Au sommet du stupa se trouve un bâtiment en pierre sculptée, une harmika qui aurait abrité les reliques du site. Un trou est creusé à son sommet pour y placer un parapluie de cérémonie. Depuis la disparition du bouddhisme dans le pays, la légende a surnommé le Takht-e-Rostam – le Trône de Rostam. Un roi légendaire aurait épousé ici Tahmina, fille du roi de Samangan. Le trou du toit aurait contenu le vin pour le festin du mariage. Tahmina a plus tard donné naissance au fils condamné de Rostam, Sohrab.

Stupa de Takht-e-Rostam

Un chemin mène à l’entrée d’un tunnel qui débouche sur le stupa et permet d’en faire le tour dans le sens des aiguilles d’une montre, selon la tradition bouddhiste. Par sa largeur le stupa impressionne. Les Afghans s’amusent à escalader sur la harmika, ce qui, je l’avoue n’est pas simple. Puis on redescend vers la série des 5 grottes creusées dans le rocher. Là, 4 jeunes Afghans jouent au foot. Stewart, le canadien, et moi leur proposons de jouer avec eux. Finalement la compréhension s’est faite assez rapidement et on aura bien passé 15 minutes à s’envoyer le ballon dans tous les sens.
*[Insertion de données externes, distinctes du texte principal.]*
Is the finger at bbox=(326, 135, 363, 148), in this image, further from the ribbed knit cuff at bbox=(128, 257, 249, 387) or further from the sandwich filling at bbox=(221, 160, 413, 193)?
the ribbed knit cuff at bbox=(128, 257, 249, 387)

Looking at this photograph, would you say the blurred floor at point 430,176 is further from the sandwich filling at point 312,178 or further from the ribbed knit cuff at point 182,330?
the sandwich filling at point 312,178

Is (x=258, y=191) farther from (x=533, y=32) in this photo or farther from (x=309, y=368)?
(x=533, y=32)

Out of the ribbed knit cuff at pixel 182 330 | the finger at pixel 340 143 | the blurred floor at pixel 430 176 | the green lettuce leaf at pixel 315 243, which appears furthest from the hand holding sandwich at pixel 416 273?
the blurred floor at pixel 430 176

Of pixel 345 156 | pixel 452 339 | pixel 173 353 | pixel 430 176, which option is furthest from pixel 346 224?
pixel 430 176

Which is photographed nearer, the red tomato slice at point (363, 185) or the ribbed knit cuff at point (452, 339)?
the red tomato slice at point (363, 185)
Plus loin, au niveau des grottes, de nombreux impacts de balles nous indique les combats qui ont eu lieu entre les talibans et l’armée afghane. La première grotte a un plafond en forme de dôme de 12 mètres de haut, sculpté avec une énorme fleur de lotus qu’on distingue vaguement, masquée par la suie et les empreintes de chaussures laissées par les talibans.

Il ne reste que quelques traces. La dégradation naturelle, le pillage et pour finir la destruction systématique par les talibans ont eu raison de ces « lieux de méditation où régnaient le culte, la culture. Il nous revient de constamment penser la culture avec la barbarie qui l’accompagne ou travaille à la détruire. Les talibans ont bien perpétré le meurtre des deux grands bouddhas de Bamiyan. Ils se sont acharnés à recouvrir les admirables fresques avec les traces de saleté infamantes de leurs chaussures. Le meurtrier pense d’abord à tuer celui qu’il considère comme son ennemi et auquel, souvent il attribue des pouvoirs exagérés, fantasmés. C’est pareil avec les images. Mais il ne réussit jamais à effacer entièrement la trace même de son geste destructeur, cette trace qui vaut désormais comme le nouveau monument de cette histoire. Il est si facile de pulvériser un corps. Si difficile, cependant, d’effacer un trou1G. Didi-Huberman & P. Convert, Antres-Temps (Ritournelle de Bâmiyân), livre d’artiste, Edition Galerie Eric Dupont, Paris, 2017. » 

Plus loin, une grotte plus large avec deux longues galeries et des plafonds voûtés s’offre à moi. On peut voir des cellules individuelles qui ont été utilisées comme retraite pour la méditation. La lumière filtrant à travers les fenêtres sculptées lui confère une atmosphère sereine. La troisième grotte est la plus grande et la plus belle en matière d’ornements. Une antichambre mène dans une immense salle carrée, couverte d’un dôme. Chaque mur est pourvu d’une niche qui aurait contenu une statue de Bouddha et surmontée d’une colonne sculptée. Dans les angles de la pièce, des arches sculptées supportent le grand dôme, comme dans une mosquée moderne. Un oculus dans le plafond baigne la pièce d’une lumière douce. Lieux chargés d’histoires, dévastés par d’effroyables guerres.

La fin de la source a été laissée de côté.